Venezuelan-American theater director, filmmaker and playwright

Moisés Kaufman (born November 21, 1963) is a Venezuelan American theater director, filmmaker, playwright, founder of Tectonic Theater Project based in New York City, and co-founder of Miami New Drama at the Colony Theatre. He was awarded the 2016 National Medal of Arts by President Barack Obama. He is best known for creating The Laramie Project (2000) with other members of Tectonic Theater Project. He has directed extensively on Broadway and Internationally, and is the author of numerous plays, including Gross Indecency: The Three Trials of Oscar Wilde and 33 Variations.

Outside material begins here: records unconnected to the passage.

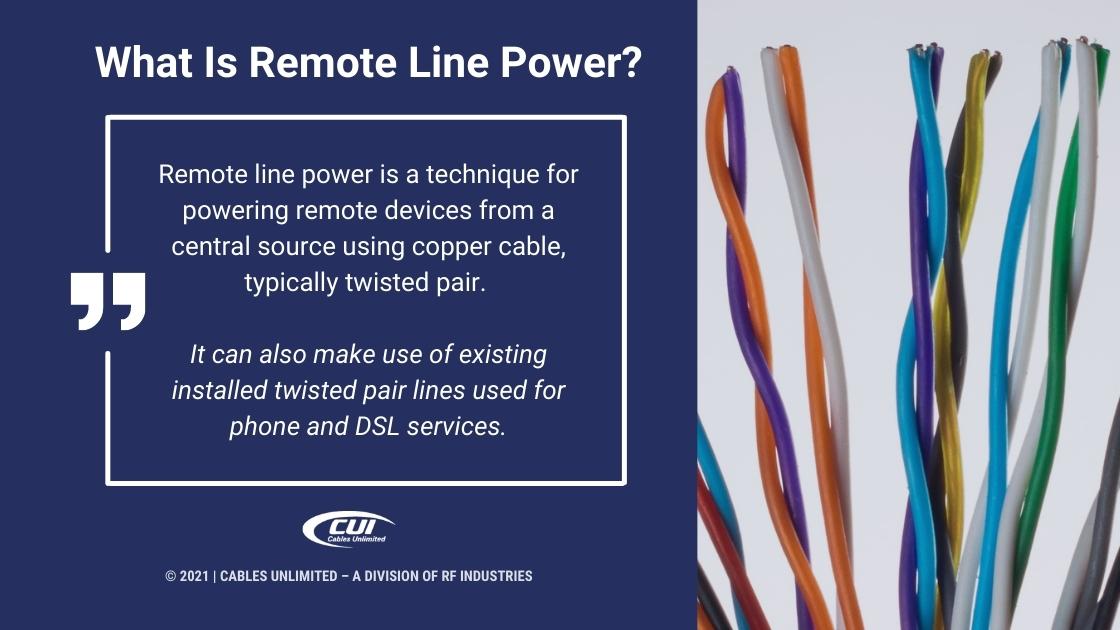 Callout 1- close-up of twisted pair custom cables- What is remote line power definition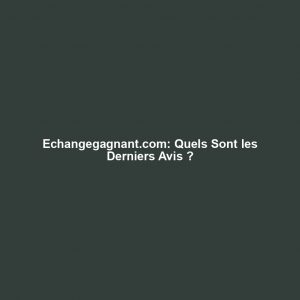 Echangegagnant.com: Quels Sont les Derniers Avis ? Echangegagnant.com: Quels Sont les Derniers Avis ?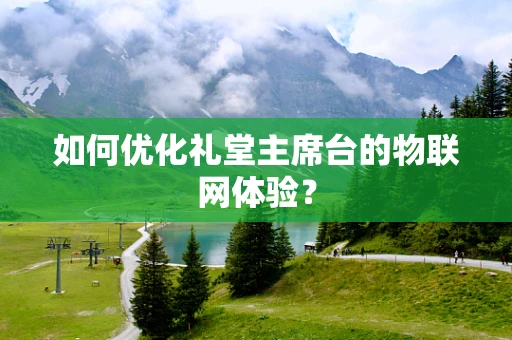 如何优化礼堂主席台的物联网体验？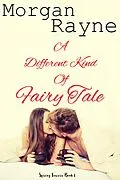 E-Book (epub) A Different Kind of Fairy Tale (Spring Towers, #1) von Morgan Rayne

Born and raised in Caracas, Venezuela, he moved as a young man to New York City in 1987.

==Biography==
Kaufman is of Romanian-Jewish and Ukrainian-Jewish descent, and was born in Caracas, Venezuela. He is an alumnus of Venezuela's Universidad Metropolitana, where he began to study theatre. After immigrating to the United States, he went to college in New York and graduated from NYU.

In 2005 he described himself in an interview by saying, "I am Venezuelan, I am Jewish, I am gay, I live in New York. I am the sum of all my cultures. I couldn't write anything that didn't incorporate all that I am."

Kaufman was awarded a Guggenheim Fellowship in 2002, following the premiere of The Laramie Project, which was based on extensive interviews with residents and commentators in and around Wyoming who were involved with the aftermath of the murder of gay student Matthew Shepard.

He made his Broadway directing debut in the 2004 production of I Am My Own Wife by Doug Wright, for which he received a Tony Award nomination for Best Direction of a Play.

On September 22, 2016, Kaufman was awarded the National Medal of Arts and Humanities in a ceremony conducted by U.S. president Barack Obama. He is the first Venezuelan to receive the honor.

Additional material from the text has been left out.